Cannot infer an appropriate lifetime when sharing self reference

Question

This is an experiment I'm doing while learning Rust and following Programming Rust.

Here's a link to the code in the playground.

I have a struct (Thing) with some inner state (xs). A Thing should be created with Thing::new and then started, after which the user should choose to call some other function like get_xs.

But! In start 2 threads are spawned which call other methods on the Thing instance that could mutate its inner state (say, add elements to xs), so they need a reference to self (hence the Arc). However, this causes a lifetime conflict:

error[E0495]: cannot infer an appropriate lifetime due to conflicting requirements
  --> src/main.rs:18:30
   |
18 |         let self1 = Arc::new(self);
   |                              ^^^^
   |
note: first, the lifetime cannot outlive the anonymous lifetime #1 defined 
on the method body at 17:5...
  --> src/main.rs:17:5
   |
17 | /     fn start(&self) -> io::Result<Vec<JoinHandle<()>>> {
18 | |         let self1 = Arc::new(self);
19 | |         let self2 = self1.clone();
20 | |
...  |
33 | |         Ok(vec![handle1, handle2])
34 | |     }
   | |_____^
note: ...so that expression is assignable (expected &Thing, found &Thing)
  --> src/main.rs:18:30
   |
18 |         let self1 = Arc::new(self);
   |                              ^^^^
   = note: but, the lifetime must be valid for the static lifetime...
note: ...so that the type `[closure@src/main.rs:23:20: 25:14 
self1:std::sync::Arc<&Thing>]` will meet its required lifetime bounds
  --> src/main.rs:23:14
   |
23 |             .spawn(move || loop {
   |              ^^^^^

Is there a way of spawning the state-mutating threads and still give back ownership of thing after running start to the code that's using it?

use std::io;
use std::sync::{Arc, LockResult, RwLock, RwLockReadGuard};
use std::thread::{Builder, JoinHandle};

struct Thing {
    xs: RwLock<Vec<String>>
}

impl Thing {

    fn new() -> Thing {
        Thing {
            xs: RwLock::new(Vec::new()),
        }
    }

    fn start(&self) -> io::Result<Vec<JoinHandle<()>>> {
        let self1 = Arc::new(self);
        let self2 = self1.clone();

        let handle1 = Builder::new()
            .name("thread1".to_owned())
            .spawn(move || loop {
                 self1.do_within_thread1();
            })?;

        let handle2 = Builder::new()
            .name("thread2".to_owned())
            .spawn(move || loop {
                self2.do_within_thread2();
            })?;

        Ok(vec![handle1, handle2])
    }

    fn get_xs(&self) -> LockResult<RwLockReadGuard<Vec<String>>> {
        return self.xs.read();
    }

    fn do_within_thread1(&self) {
        // read and potentially mutate self.xs
    }

    fn do_within_thread2(&self) {
        // read and potentially mutate self.xs
    }
}

fn main() {
    let thing = Thing::new();
    let handles = match thing.start() {
        Ok(hs) => hs,
        _ => panic!("Error"),
    };

    thing.get_xs();

    for handle in handles {
        handle.join();
    }
}

Answer 1

The error message says that the value passed to the Arc must live the 'static lifetime.
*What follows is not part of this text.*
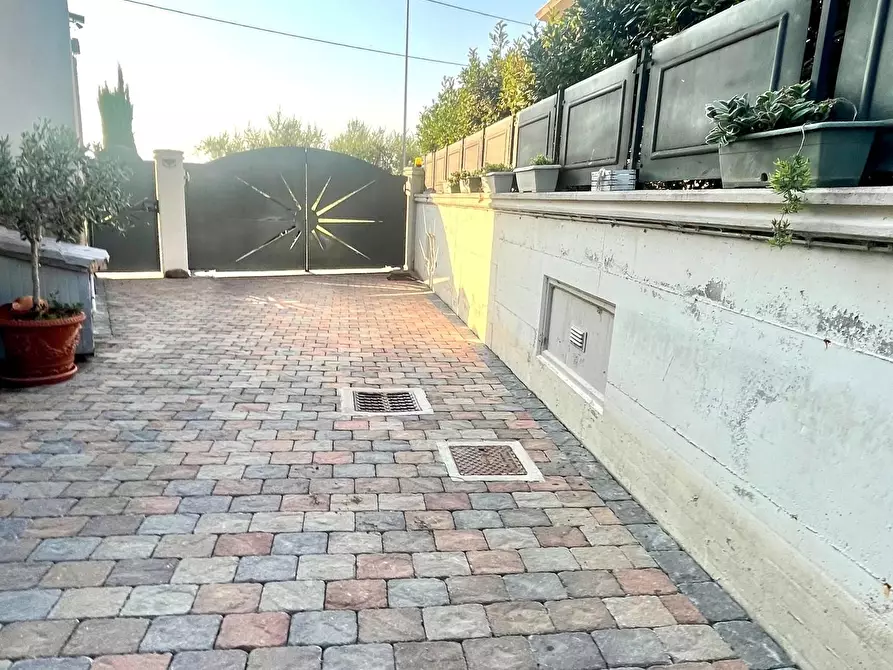 Immagine 22 di Casa semindipendente in vendita  a Larciano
This is because spawning a thread, be it with std::thread::spawn or std::thread::Builder, requires the passed closure to live this lifetime, thus enabling the thread to "live freely" beyond the scope of the spawning thread.

Let us expand the prototype of the start method:

fn start<'a>(&'a self: &'a Thing) -> io::Result<Vec<JoinHandle<()>>> { ... }

The attempt of putting a &'a self into an Arc creates an Arc<&'a Thing>, which is still constrained to the lifetime 'a, and so cannot be moved to a closure that needs to live longer than that. Since we cannot move out &self either, the solution is not to use &self for this method. Instead, we can make start accept an Arc directly:

fn start(thing: Arc<Self>) -> io::Result<Vec<JoinHandle<()>>> {
    let self1 = thing.clone();
    let self2 = thing;

    let handle1 = Builder::new()
        .name("thread1".to_owned())
        .spawn(move || loop {
             self1.do_within_thread1();
        })?;

    let handle2 = Builder::new()
        .name("thread2".to_owned())
        .spawn(move || loop {
            self2.do_within_thread2();
        })?;

    Ok(vec![handle1, handle2])
}

And pass reference-counted pointers at the consumer's scope:

let thing = Arc::new(Thing::new());
let handles = Thing::start(thing.clone()).unwrap_or_else(|_| panic!("Error"));

thing.get_xs().unwrap();

for handle in handles {
    handle.join().unwrap();
}

Playground. At this point the program will compile and run (although the workers are in an infinite loop, so the playground will kill the process after the timeout).